EXERCISE GOAL: Please repeat, precisely as written, only the lines from the one containing "mixkit-blending-a-fruit-smoothie-in-a-blender-43905-hd-ready" through the last line of the records below, pictures omitted.

GIVEN RECORDS:
═══

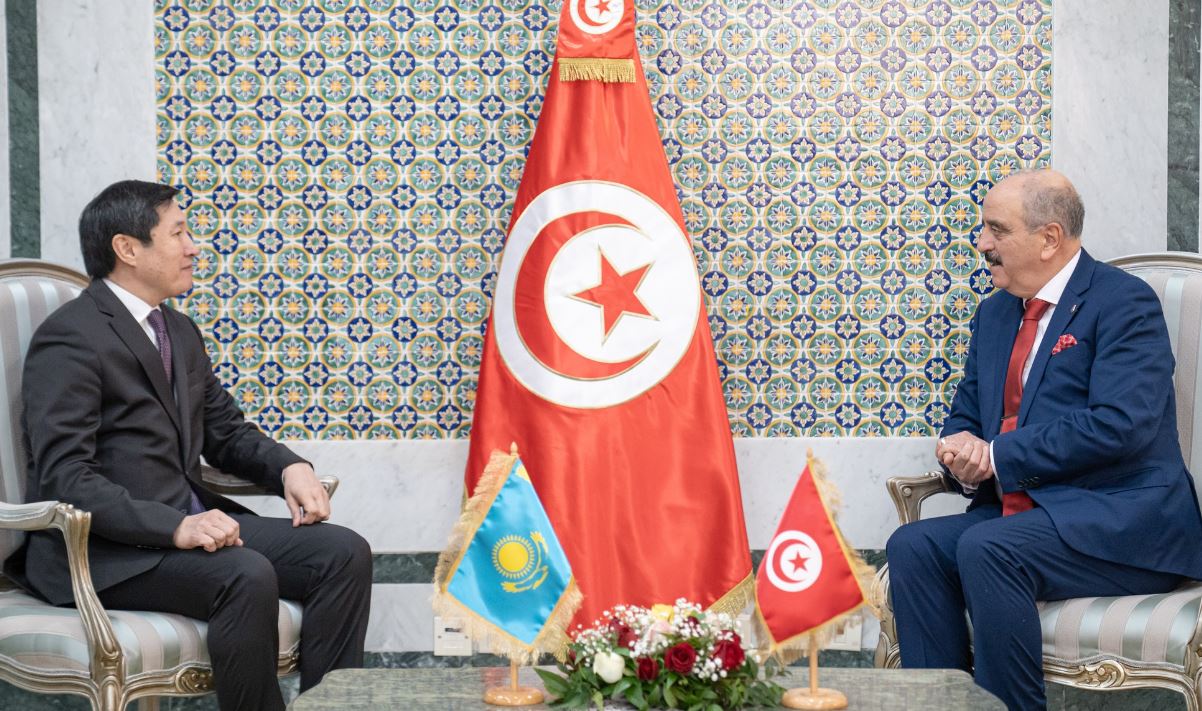 وزير الخارجية يتسلم أوراق اعتماد السفير الجديد لجمهوريّة كازاخستان بتونس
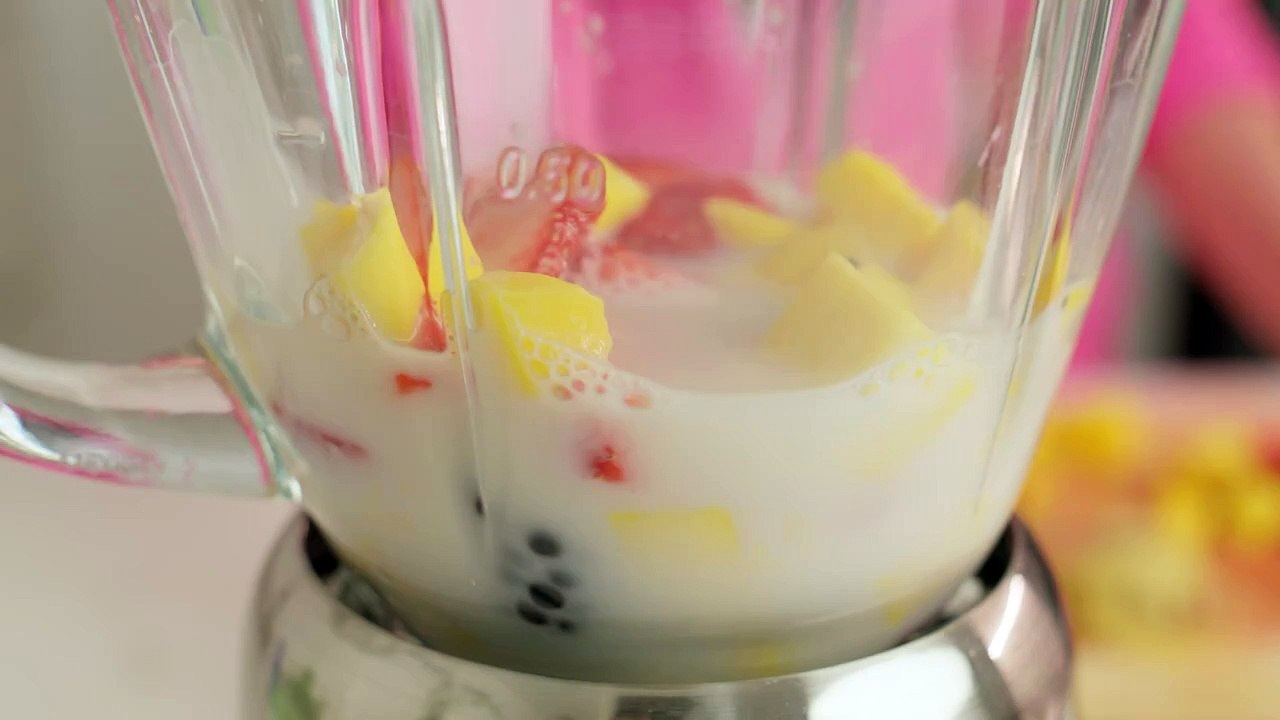 mixkit-blending-a-fruit-smoothie-in-a-blender-43905-hd-ready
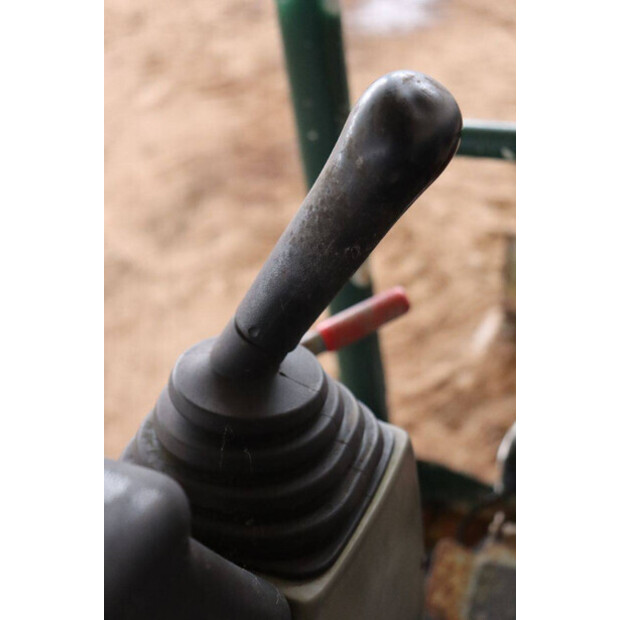 2014 تاكوتشي TB219-45052658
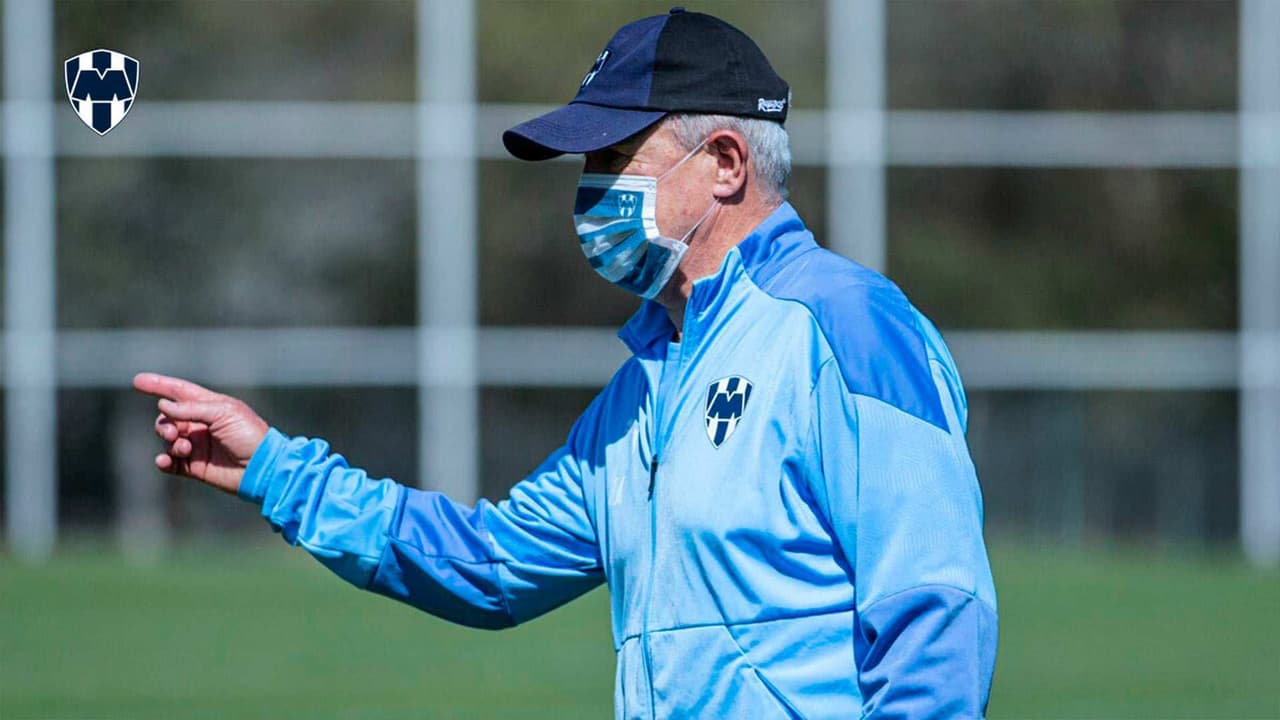 ¿Qué hizo Aguirre? Le quedan dos delanteros, pero entrena sin ellos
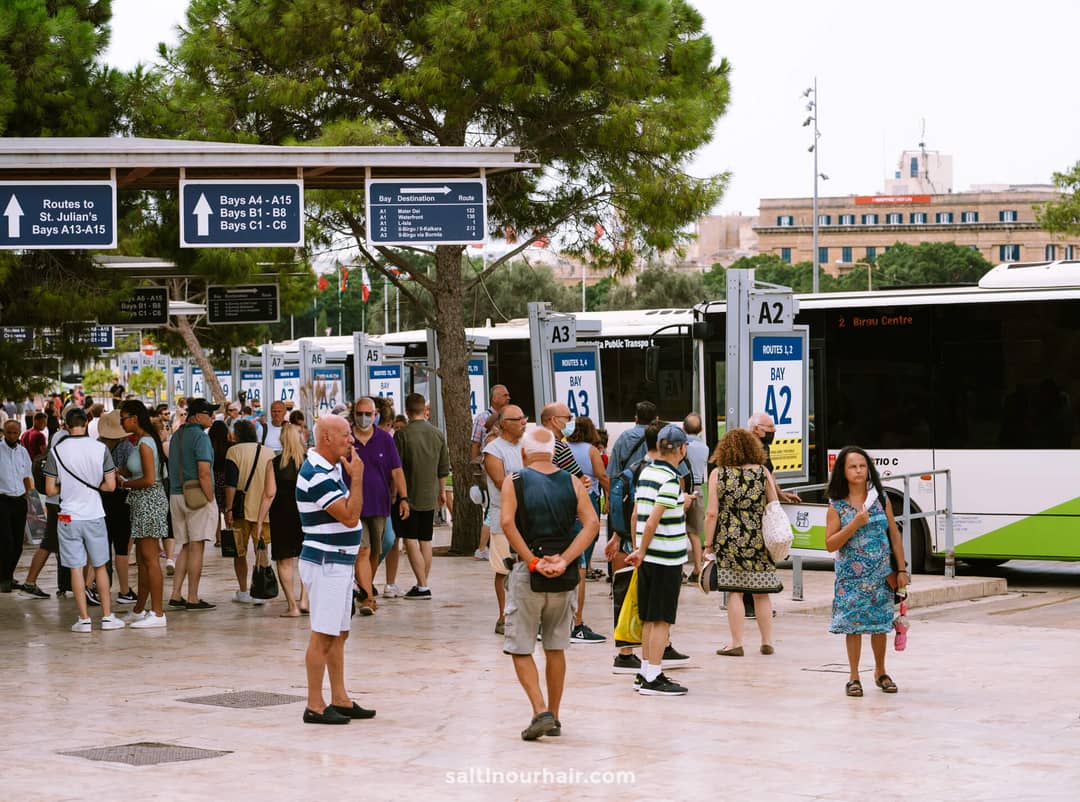 how to get around malta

═══

EXERCISE RESPONSE:
 mixkit-blending-a-fruit-smoothie-in-a-blender-43905-hd-ready
 2014 تاكوتشي TB219-45052658
 ¿Qué hizo Aguirre? Le quedan dos delanteros, pero entrena sin ellos
 how to get around malta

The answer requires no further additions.